I'm not a huge promoter of Facebook and other pointless networking websites but I have found a benefit for Facebook in that I've networked with a lot of poets. Essentially, the poets have become the point of being on FB. (My rant on FB will come some other day, I'm sure.)
Two poets started this great project which I've been able to participate in. They've done it twice before with different themes but I finally was able to get my act together and submit something.

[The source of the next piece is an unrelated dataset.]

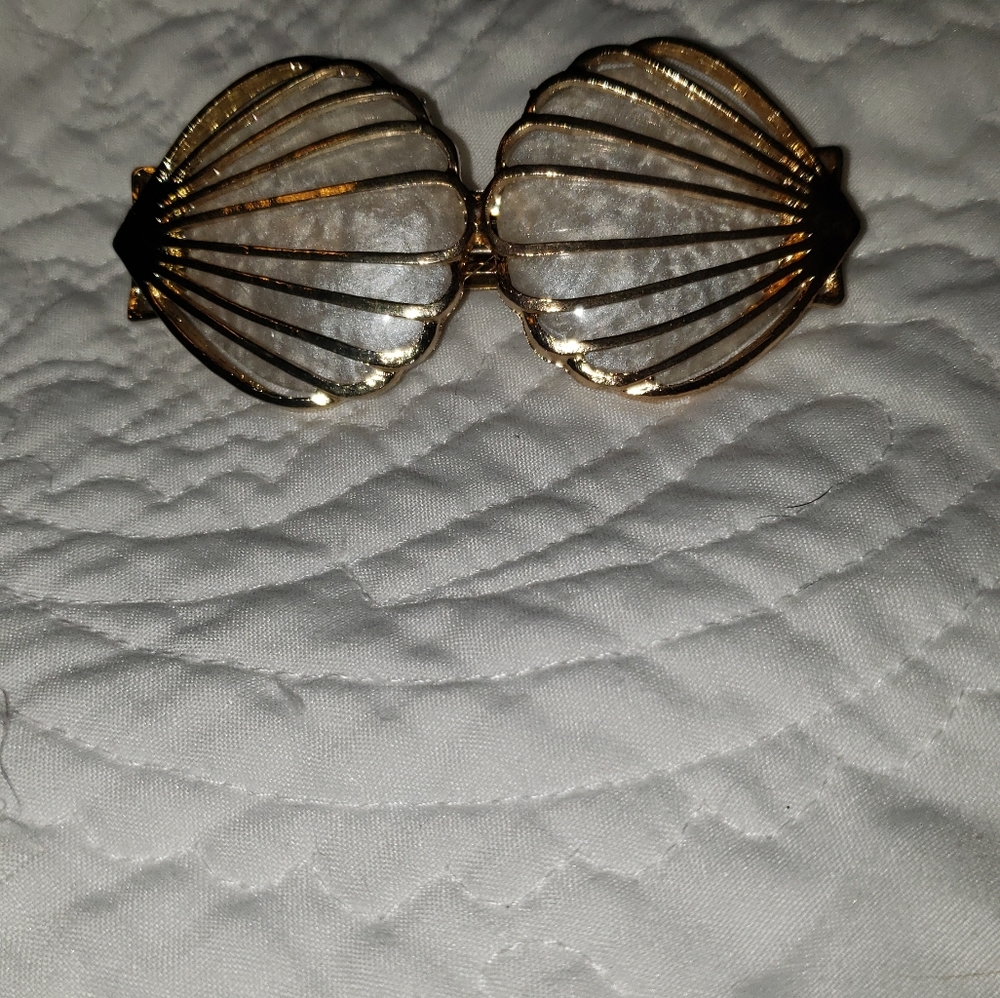 Seashell barrette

Here is how it worked. Lynne and Cornelius (two very creative minded poets) invited all of us other poetic and artistic types to submit our poetry, sketches, and prose to them. Lynne then compiled volumes of the work. She ended up creating seven volumes! I was in Volume 5. It's called Force Fed (tag line "take it to the streets poetry." They made a deadline for submissions and accepted all. Deadline came around and then they began printing and mailed each person two copies of their volume--one for their records and one for the drop.
Unfortunately, mine never showed up. I'm going to blame that on the bad juju of giving them my work address instead of my home address. The volumes are all up and available on Yudu so I was able to print out a copy (I don't have a printer so this was sort of an adventure too). I have one copy in my office, printed a small copy for myself and then printed the small copy in the picture which I left at my current coffee shop. By the time I left it ended up on the magazine rack where I hope it will stay for a while. I hope many people read it.
The volumes are all available on Yudu. Here is a link to all of the volumes. And, if you have Facebook you can check out the event page. Eventually, I've been told by Cornelius that a video will be made of all of the photos. They're really gorgeous and everyone's ideas of where to drop the booklets is great.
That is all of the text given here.